Stormy Night – Windansea – La Jolla
I was after some surfer/surfboard shots this weekend and headed down to a popular local surf spot, Windansea in La Jolla. Although I did not come back with any of the shots I was originally after, I was able to get some decent seascape shots of the rocky coastline.
How to get this type of shot
One of the many challenges that photographers face is how to convey a sense of depth in a flat 2-dimensional image displayed either as a print or on screen. There are several techniques available to us including composing for a strong foreground, middle and background, the use of leading lines and layering an image just to name a few. I chose to use the layering technique by carefully composing my image so that the rocks formed layers between the incoming tide and ocean. Can you imagine the above image without the rocky ledge in the bottom of the image? Not including this would have resulted in less apparent depth in the image.
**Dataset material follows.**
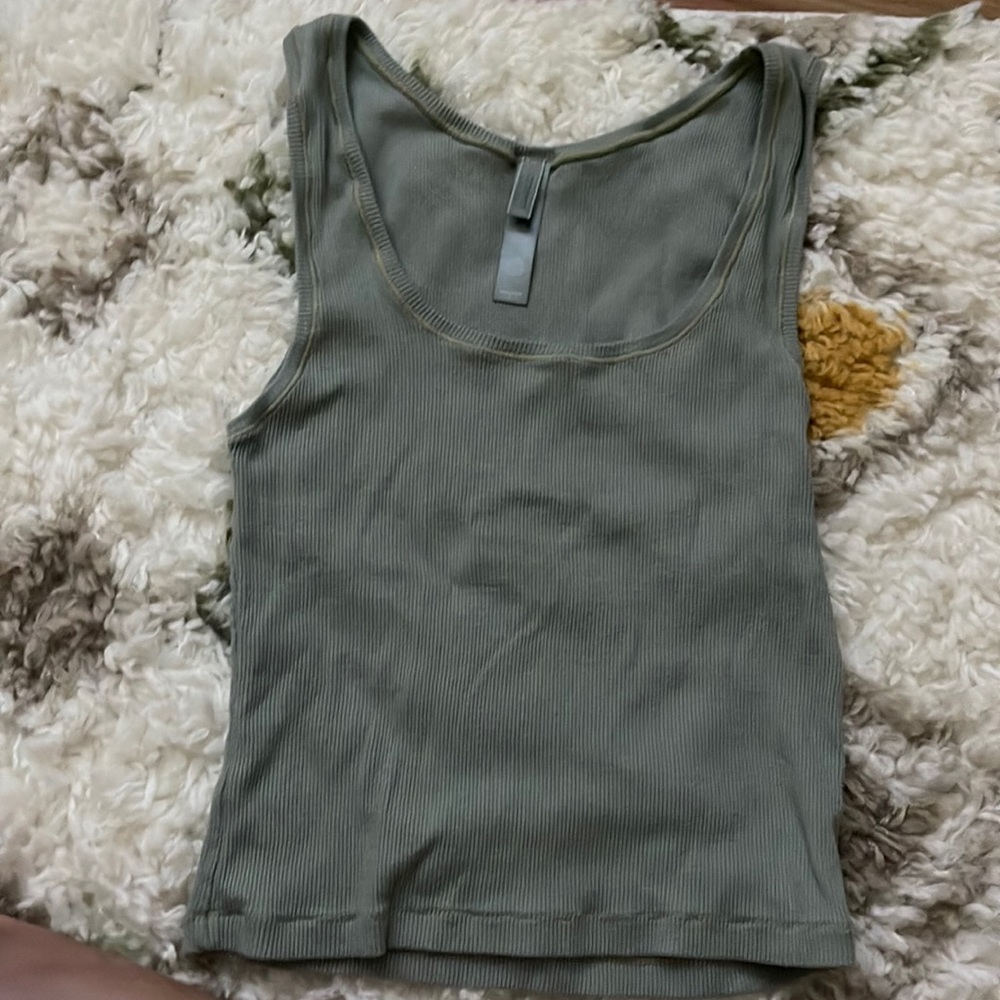 Skims tank top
The image itself was taken around sunset, but even though the marine layer had already come in some light was still able to penetrate the clouds giving this image a dark stormy look. Despite the overcast conditions, I still needed a 3-stop graduated ND filter to balance the exposure of the sky and foreground rocks.
I used an f-stop of f/16 to get everything from the foreground rock to the horizon in focus. I wanted a relatively fast shutter speed to capture the motion in the ocean and retain most of the shapes of the incoming waves and not turn the ocean into a uniform mass which would have happened if I used a long shutter speed such as 15s. I also paid particular attention to the incoming and outgoing tide waters in the two foreground channels and wanted a photo showing the swirling pattern they created. It took around 15 minutes for me to get the combination of wave motion and swirl patterns which I feel make this photo successful.
Oh and those black spots you see in the ocean near the horizon line, those aren’t dust spots but surfers.